CDSSRDEF specifies the default value of the CURRENT DEGREE special register for a DB2 subsystem. This value will be 1 if you don't change it, and that means that a DYNAMIC query will not be parallelized by DB2 unless it is preceded by the SQL statement SET CURRENT DEGREE = 'ANY' (a static SELECT statement will be a candidate for parallelization if it's associated with a package bound with the DEGREE(ANY) specification). This default value for CDSSRDEF is the right one for many - and perhaps most - situations because it gives you statement-level control over the use of parallelization by DB2 for dynamic queries (in a BI environment queries tend to be dynamic). Making ALL dynamic queries candidates for parallelization by setting CDSSRDEF to ANY would increase CPU overhead for your BI workload. Why? Because DB2 would have to consume extra cycles just to determine whether or not parallelization would be beneficial for each and every dynamic query. When the determinations is "no, it would not" (as would likely be the case for a query targeting a non-partitioned table or for a query that would retrieve rows from one partition of a partitioned table), that extra CPU consumption in query optimization will not yield a benefit in terms of query execution time.

That said, sometimes a specification of ANY for CDSSRDEF is necessary for dynamic query parallelization, because the BI queries may be generated by PC-based end-user tools that do not allow for insertion of a SET CURRENT DEGREE = 'ANY' statement. If you have a DB2 data sharing group and your BI queries and your OLTP transactions run on different members, you can have CDSSRDEF = ANY on the BI-supporting subsystem (or subsystems), and CDSSRDEF = 1 on the OLTP-supporting DB2 members. If you have a single DB2 subsystem on which you run OLTP and BI work, what should you do if SET CURRENT DEGREE = 'ANY' is not an option for the BI queries? I'd lean towards setting CDSSRDEF to ANY, and then limiting the degree of parallelization for queries through the PARAMDEG specification in ZPARM. The default value of this parameter is 0, and that means that DB2 will determine the degree of parallelization for a query that it decides to split. I like that default because I feel that DB2 does this well and z/OS is very good at managing a complex and dynamic workload (as when it throttles down the processing resources allocated to a parallelized query in order to accommodate new work entering the system). If, however, an OLTP workload were running on the same DB2 subsystem as the BI workload, I'd want to put a relatively low upper bound on the degree of parallelization for dynamic queries, the better to deliver consistent response times for the OLTP transactions. I might go for something as low as 3 or 4 for PARAMDEG, so that I'd get some significant (if not huge) run-time reduction for some of the BI queries while limiting variations with respect to OLTP transaction execution times.

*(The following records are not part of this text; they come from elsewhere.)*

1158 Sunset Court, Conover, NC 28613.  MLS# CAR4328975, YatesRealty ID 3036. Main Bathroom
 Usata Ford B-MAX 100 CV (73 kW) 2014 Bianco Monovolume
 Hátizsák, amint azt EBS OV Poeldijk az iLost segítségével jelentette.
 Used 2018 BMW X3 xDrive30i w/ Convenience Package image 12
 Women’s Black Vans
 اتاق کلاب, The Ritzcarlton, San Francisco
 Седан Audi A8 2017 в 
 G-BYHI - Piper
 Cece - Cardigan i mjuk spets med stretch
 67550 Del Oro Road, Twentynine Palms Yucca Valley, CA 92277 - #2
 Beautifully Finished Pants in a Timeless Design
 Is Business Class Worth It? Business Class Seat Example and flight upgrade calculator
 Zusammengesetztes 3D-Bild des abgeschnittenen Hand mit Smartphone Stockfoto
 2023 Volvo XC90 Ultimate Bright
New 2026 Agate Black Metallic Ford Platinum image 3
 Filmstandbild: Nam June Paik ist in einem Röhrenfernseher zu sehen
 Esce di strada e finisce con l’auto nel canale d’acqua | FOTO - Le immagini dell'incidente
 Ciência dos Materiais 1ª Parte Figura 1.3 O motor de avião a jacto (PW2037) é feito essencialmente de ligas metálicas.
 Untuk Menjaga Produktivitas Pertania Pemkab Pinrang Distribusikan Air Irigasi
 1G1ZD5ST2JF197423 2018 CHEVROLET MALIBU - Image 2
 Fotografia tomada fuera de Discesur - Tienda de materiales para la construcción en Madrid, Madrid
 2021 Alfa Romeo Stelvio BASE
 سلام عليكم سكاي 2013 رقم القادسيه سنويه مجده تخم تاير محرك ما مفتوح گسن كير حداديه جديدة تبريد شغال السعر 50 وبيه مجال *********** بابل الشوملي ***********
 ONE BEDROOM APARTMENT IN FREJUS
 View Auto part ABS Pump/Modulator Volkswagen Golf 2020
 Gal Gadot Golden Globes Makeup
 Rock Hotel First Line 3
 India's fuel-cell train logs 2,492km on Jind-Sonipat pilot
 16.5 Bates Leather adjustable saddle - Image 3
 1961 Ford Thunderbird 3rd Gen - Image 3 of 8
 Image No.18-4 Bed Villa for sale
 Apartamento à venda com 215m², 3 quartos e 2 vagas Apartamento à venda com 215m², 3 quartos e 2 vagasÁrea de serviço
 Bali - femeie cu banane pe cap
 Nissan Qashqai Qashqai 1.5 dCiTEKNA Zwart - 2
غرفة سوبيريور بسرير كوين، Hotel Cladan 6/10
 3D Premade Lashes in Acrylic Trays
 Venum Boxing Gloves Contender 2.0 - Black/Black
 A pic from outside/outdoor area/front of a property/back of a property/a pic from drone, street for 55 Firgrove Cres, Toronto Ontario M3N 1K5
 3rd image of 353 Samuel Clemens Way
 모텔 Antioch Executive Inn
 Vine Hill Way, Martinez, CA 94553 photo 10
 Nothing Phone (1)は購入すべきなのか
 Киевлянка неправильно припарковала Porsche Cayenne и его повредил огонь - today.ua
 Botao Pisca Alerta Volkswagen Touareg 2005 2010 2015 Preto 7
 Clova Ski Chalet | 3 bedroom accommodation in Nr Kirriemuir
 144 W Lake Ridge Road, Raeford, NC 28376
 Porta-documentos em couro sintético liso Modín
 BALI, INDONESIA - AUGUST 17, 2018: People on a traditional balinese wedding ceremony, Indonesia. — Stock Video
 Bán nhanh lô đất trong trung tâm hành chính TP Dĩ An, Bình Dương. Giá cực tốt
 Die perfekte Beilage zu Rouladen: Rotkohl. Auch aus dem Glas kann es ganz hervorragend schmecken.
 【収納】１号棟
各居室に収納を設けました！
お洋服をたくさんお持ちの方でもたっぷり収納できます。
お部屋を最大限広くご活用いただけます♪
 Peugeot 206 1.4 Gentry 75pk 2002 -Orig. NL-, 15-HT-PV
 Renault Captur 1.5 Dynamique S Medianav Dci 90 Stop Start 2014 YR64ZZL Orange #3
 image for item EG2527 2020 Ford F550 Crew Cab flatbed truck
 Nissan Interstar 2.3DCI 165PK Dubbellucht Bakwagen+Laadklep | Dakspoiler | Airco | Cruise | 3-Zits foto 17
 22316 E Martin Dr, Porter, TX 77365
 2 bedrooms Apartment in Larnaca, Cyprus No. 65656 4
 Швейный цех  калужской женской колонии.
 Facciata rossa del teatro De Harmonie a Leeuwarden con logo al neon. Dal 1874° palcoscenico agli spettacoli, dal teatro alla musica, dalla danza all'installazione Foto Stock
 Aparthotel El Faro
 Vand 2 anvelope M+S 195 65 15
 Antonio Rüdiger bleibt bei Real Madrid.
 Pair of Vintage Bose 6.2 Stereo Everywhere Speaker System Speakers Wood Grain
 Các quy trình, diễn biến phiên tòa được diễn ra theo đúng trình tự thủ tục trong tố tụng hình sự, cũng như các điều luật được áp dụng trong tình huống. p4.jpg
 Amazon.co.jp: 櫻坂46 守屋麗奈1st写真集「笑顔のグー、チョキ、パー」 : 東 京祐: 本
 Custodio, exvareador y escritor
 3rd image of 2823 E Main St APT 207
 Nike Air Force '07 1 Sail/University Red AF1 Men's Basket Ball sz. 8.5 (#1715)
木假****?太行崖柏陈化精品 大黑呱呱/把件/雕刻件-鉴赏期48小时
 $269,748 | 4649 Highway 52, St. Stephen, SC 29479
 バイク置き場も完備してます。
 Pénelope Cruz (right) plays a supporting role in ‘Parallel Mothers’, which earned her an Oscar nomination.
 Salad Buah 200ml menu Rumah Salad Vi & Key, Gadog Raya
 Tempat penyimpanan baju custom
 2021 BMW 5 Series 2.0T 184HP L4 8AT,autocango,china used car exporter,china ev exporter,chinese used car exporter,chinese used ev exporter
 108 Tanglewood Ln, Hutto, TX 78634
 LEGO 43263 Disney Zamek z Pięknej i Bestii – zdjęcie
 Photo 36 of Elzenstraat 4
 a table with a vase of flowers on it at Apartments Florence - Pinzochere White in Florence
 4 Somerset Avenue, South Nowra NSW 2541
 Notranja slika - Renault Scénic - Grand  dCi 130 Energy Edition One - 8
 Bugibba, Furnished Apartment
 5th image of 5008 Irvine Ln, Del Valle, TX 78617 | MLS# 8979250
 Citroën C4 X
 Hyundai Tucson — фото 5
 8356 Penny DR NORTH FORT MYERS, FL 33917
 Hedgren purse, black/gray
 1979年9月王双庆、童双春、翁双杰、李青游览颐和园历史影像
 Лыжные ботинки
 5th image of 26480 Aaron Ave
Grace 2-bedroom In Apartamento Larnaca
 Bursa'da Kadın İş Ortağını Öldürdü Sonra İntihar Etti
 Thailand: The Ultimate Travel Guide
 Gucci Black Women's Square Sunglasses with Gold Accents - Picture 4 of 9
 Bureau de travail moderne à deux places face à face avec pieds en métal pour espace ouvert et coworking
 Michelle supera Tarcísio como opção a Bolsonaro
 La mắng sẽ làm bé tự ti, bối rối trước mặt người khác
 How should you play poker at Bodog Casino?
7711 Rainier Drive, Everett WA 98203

In addition to placing an upper bound on query parallelization when running OLTP and BI work on the same DB2 subsystem, you might want to think about limiting query parallelization to only a portion of the dynamic queries that run on your system. The DB2 for z/OS resource limit facility (RLF) provides a way to do this. What you can do is create a resource limit specification table (RLST) in which you put one or more rows with a value of '4' in the RLFFUNC column (this disables query parallelism) and the names of packages for which you DO NOT want associated dynamic queries to be parallelized in the RLFPKG column (in the LUNAME column of this RLST, you can have a blank value for the local location, or PUBLIC for TCP/IP-connected remote requesters). In addition (or instead), you could disable query parallelism by authorization ID using the AUTHID column of your RLST. Then you can set CDSSRDEF to ANY and know that dynamic queries associated with packages and/or auth IDs specified in your RLST rows will not be candidates for parallelization.

In summary: take advantage of DB2 query parallelization for your BI queries, but use it conservatively when you have OLTP transactions running on the same subsystem.